Or si la dimension de l’entreprise change, la façon qu’elle a de communiquer évolue nécessairement aussi. On l’a également relevé à plusieurs reprises, Apple en dit désormais davantage sur ce qu’elle prépare, que ce soit en direction de ses actionnaires ou de celles des analystes du secteur, comme par exemple lors des séances de questions-réponses qui ont suivi les dernières présentations de produits.
Depuis 2002, Steve Jobs et son état-major ont entrepris de “resserrer” l’ensemble des vecteurs de communication à travers lesquels Apple s’adresse à l’extérieur, et ce d’autant plus qu’à mesure qu’elle grandit elle est dans l’obligation de nouer des partenariats, comme avec l’iPhone, ce qui la met parfois en position de ne plus maîtriser grand-chose, comme on l’a vu cet été avec Orange !
Le mot d’ordre sera désormais : “éviter les fausses notes”. Dans la distribution tout d’abord où chacun des points de vente – qu’il soit Apple Store, Premium Resellers, Solution Expert ou ‘Store in the Store’ dans la grande distribution – est pensé pour être une véritable ambassade de la marque, où rien n’est laissé au hasard.
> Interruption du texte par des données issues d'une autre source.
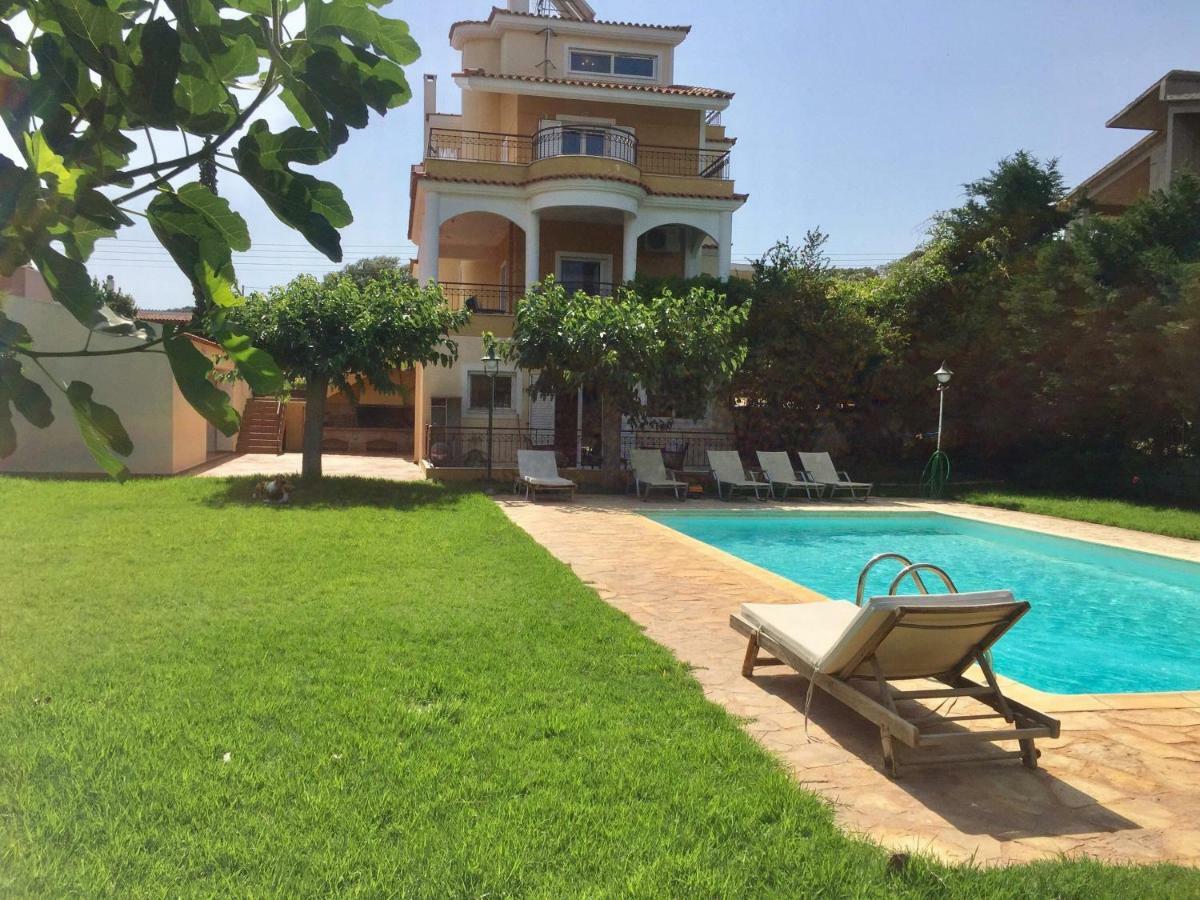 Relaxing Villa With Swimming Pool And Garden Agios Georgios  外观 照片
Dans la communication institutionnelle ensuite, qui passe désormais par un nombre extrêmement réduit de speakers autorisés à parler avec les journalistes, et toujours sur des sujets extrêmement balisés dont il n’est pas possible de sortir. Sur la communication non-institutionnelle enfin, entendez le “off” ou la rumeur distillés à des sources soigneusement choisies pour initier et alimenter le buzz.
Autant de canaux qui vont certes perdurer en se fondant sur de nouveaux équilibres, lesquels ne peuvent absolument pas s’accommoder du moindre risque de “fuite parasite”, susceptible de faire capoter un plan de lancement soigneusement échafaudé…
Apple ne pouvait donc pas se permettre de laisser traîner un mauvais procès mal engagé derrière elle, et avait donc tout intérêt à jouer à la fois les grands seigneurs et les croque-mitaines, et de soulager un peu son service juridique à mesure que les procès pour violation de la propriété privée ou tromperie sur la marchandise ont tendance à s’accumuler et à devenir pour la moindre start-up ou cabinet d’avocat une nouvelle façon de communiquer…
La très large surface médiatique d’Apple en font une caisse de résonance idéale pour toutes les causes en mal de médiatisation, et le californien se voit depuis un petit moment dans l’urgence de réorganiser une machine à communiquer qui avait été conçue pour amplifier chacun des battements de cils du Mogul de Cupertino. Reste à savoir dans quel sens va évoluer cette communication plus que jamais globale, et quelles formes elle va prendre au fur et à mesure que la marque va proposer des produits toujours plus grand-public…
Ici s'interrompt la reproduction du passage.